Employers should communicate clearly to workers what is needed at their jobs, and how training will achieve it, said SSG chief executive Tan Kok Yam. “People will have a lot more confidence to take on that buzzword, because it means something – it means something tangible, on the ground.”

Microsoft Singapore managing director Lee Hui Li agreed that focusing on application and demonstrating best practices will help people see buzzwords as real, rather than conceptual.

And Aslam Sardar, chief executive officer of the Institute for Human Resource Professionals, noted that though buzzwords may seem new or distant, employees already possess useful skills. “In fact, you’ve not lost all your skills. Maybe what you need to do is to top it up,” he said, encouraging employers to change employees’ perceptions.

SSG’s Tan added: “That could help motivate, or avoid demotivating mature workers who want to skill or reskill… You’re not starting from scratch, you’re topping up.”
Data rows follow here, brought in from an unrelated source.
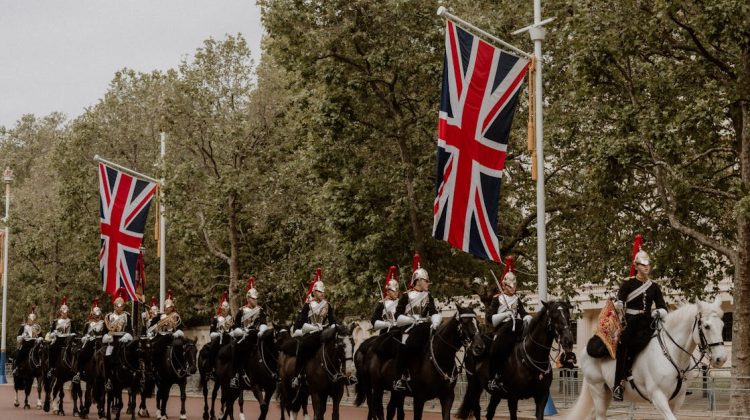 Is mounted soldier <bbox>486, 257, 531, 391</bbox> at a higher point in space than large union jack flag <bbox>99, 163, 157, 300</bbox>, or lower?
lower

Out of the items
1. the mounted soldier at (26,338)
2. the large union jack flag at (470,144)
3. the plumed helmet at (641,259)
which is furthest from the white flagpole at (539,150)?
the mounted soldier at (26,338)

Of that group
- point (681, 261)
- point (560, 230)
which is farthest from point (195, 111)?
point (681, 261)

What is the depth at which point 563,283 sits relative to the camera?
3117 centimetres

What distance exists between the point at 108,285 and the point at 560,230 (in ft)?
45.3

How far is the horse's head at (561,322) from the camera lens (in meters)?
16.1

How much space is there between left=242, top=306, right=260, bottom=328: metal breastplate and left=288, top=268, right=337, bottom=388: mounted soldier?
7.97 ft

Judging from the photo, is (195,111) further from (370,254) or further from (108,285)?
(370,254)

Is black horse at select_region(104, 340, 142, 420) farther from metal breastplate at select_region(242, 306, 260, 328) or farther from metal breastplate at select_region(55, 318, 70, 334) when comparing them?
metal breastplate at select_region(55, 318, 70, 334)

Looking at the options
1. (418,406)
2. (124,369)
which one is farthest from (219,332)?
(418,406)

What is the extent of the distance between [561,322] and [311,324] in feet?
19.3

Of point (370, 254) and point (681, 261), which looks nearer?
point (681, 261)

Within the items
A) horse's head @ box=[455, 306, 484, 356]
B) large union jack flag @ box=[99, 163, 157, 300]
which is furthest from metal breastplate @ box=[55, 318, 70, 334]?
horse's head @ box=[455, 306, 484, 356]

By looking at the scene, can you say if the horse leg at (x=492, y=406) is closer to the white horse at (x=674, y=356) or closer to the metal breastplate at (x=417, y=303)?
the metal breastplate at (x=417, y=303)

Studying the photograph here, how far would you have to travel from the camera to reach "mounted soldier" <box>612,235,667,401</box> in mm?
16109
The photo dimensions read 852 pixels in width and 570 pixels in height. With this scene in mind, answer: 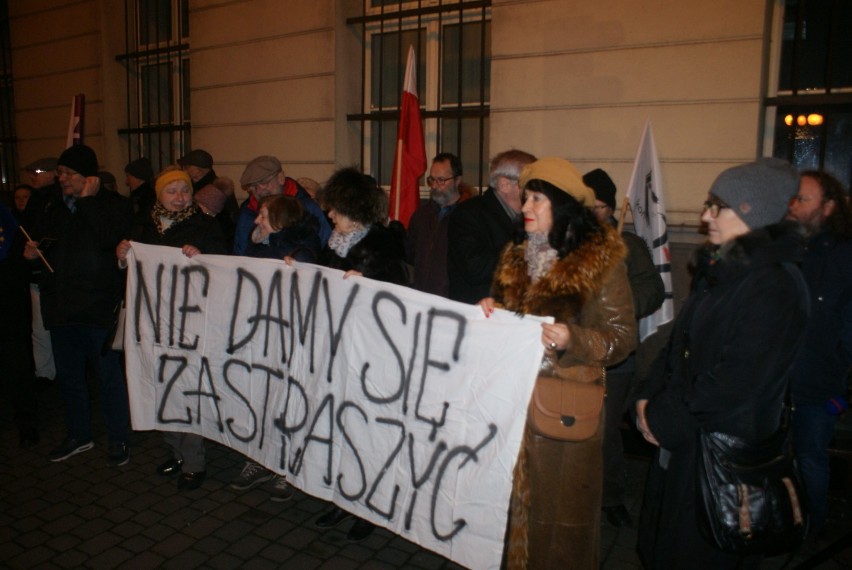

Beyond building an agile and responsive ecosystem and reaching out to vulnerable groups, the third strategy Chan highlighted in his speech was to empower individuals and enterprises to take part in and contribute more to the SkillsFuture movement.

“Last year, about 560,000 Singaporeans and 20,000 enterprises participated in and benefited from SkillsFuture Singapore-supported programmes,” he said, adding that training participation rates have grown since 2015.